High Flying Bird takes place over the course of a few days, during an NBA lockout. We follow Ray (André Holland), a sports agent trying to keep one of his clients, Erick (Melvin Gregg), happy. As a recently-drafted basketball player, he’s concerned about his financial well-being while big moves are happening in high-rises above. It’s all about money; the players union and the owners are fighting over just how much each party is set to earn, leaving the little guys — the players — waiting. From top to bottom, as High Flying Bird puts it, the system puts the players through the wringer. There are interview segments with real-life players sprinkled throughout, with Soderbergh serving as the interviewer. They talk about that potential, coming into the NBA as rising stars, and just how it’s not all it’s cracked up to be.
The story is a distinctly black one, with Moonlight writer Tarell Alvin McCraney providing the razor-sharp script, focused squarely on a business made predominantly of young black men. Ray’s mentor, Spencer (Bill Duke), a high school basketball coach, lays it out simply: “They invented a game, on top of a game.” Every major character, save for two — Ray’s superior (Zachary Quinto) and a lawyer on the NBA owner’s side (Kyle MacLachlan) — are persons of color. Ray being black isn’t an afterthought, and the fact that his basketball player client, Erick, is black, too, plays a pivotal part in the story. Ray wonders, can the power currently held by the rich, white higher-ups be taken away and given to the guys on the court?
Disrupting the status quo is Soderbergh’s forte. Ray’s journey in High Flying Bird mirrors the director’s; Soderbergh’s has been trying to change the game behind-the-scenes for years, always attempting to take the power away from the big studio system. In the mid-to-late 2000s, he went completely digital and aimed to release films with via a new distribution method with Bubble and The Girlfriend Experience. Then, with Logan Lucky and Unsane, he tried to change distribution itself, shifting where the money that regularly goes to studio marketing goes. In both instances, Soderbergh failed, at he admits as much. That rebellious nature is prevalent in High Flying Bird, as Ray sees other avenues to showcase basketball players — maybe they don’t even need a full stadium full of people to exhibit their talent and profit? With High Flying Bird being released as a Netflix movie, it feels like Soderbergh has found a good home for the adult-oriented, two-people-talking-in-a-room films he’s been making for three decades now. No longer is he tied down by release dates and theater counts; the film is delivered to the masses in the easiest, most-direct way possible. To add just another extra layer of metatext, one character mentions Netflix as a viable way to break the current NBA system (Hulu also gets a mention).

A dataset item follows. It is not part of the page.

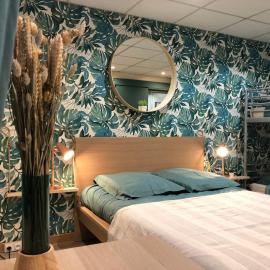Centre de vacances Hotel CAPLANDES,位于卡布勒通的酒店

Another game-changer is how Soderbergh (serving once again as his own cinematographer) shoots High Flying Bird. Like Unsane, he films the entirety of the movie on an iPhone. While he’s not the first director to shoot a movie on a phone, in two films Soderbergh has already acclimated well to this camera that he says provides him all the freedom his desires. Visually, High Flying Bird is drastically different Unsane. Gone is that yellowish tint that heightened that horror-thriller, here there are more steely blues, matching the winter of New York City in which it’s set. He shots the film in the 2.39:1 aspect ratio, opening up the frame for a better sense of space while each character traverses the city — Unsane had a narrower ratio, which fit with the film’s claustrophobic plot. The camera has a sense of freedom, making each conversation visually interesting, shifting from wide shots to extreme close-ups on a whim.
The cast only helps to elevate the story and technical aspects of the film. As Ray, Holland (reuniting with Soderbergh after The Knick) is a sensational lead, delivering each line with the snark and wit the script deserves. Zazie Beats plays Ray’s former assistance, who makes moves of her own; Beats is a relatively new talent, but this is yet another reminder that she’s one to keep an eye on, as she’s a natural fit for this smart, savvy young woman. Along with her is Sonja Sohn, who holds her own, playing an agent representing the players’ union. The real standout is Bill Duke, whose character doles out advice, and everyone stands up and listens because it’s Bill Duke we’re talking about here, and if anyone has well-earned wisdom that should be listened to, it’s him.
From beginning to end, High Flying Bird is a success. Smart, sharp, and with so much to say about race dynamics and where the power lies with the NBA and its players, and taking one step back it’s a grand statement from Steven Soderbergh — the system should be disrupted and no matter if you succeed or not, if you take that power away just for a second, you’ve done your job.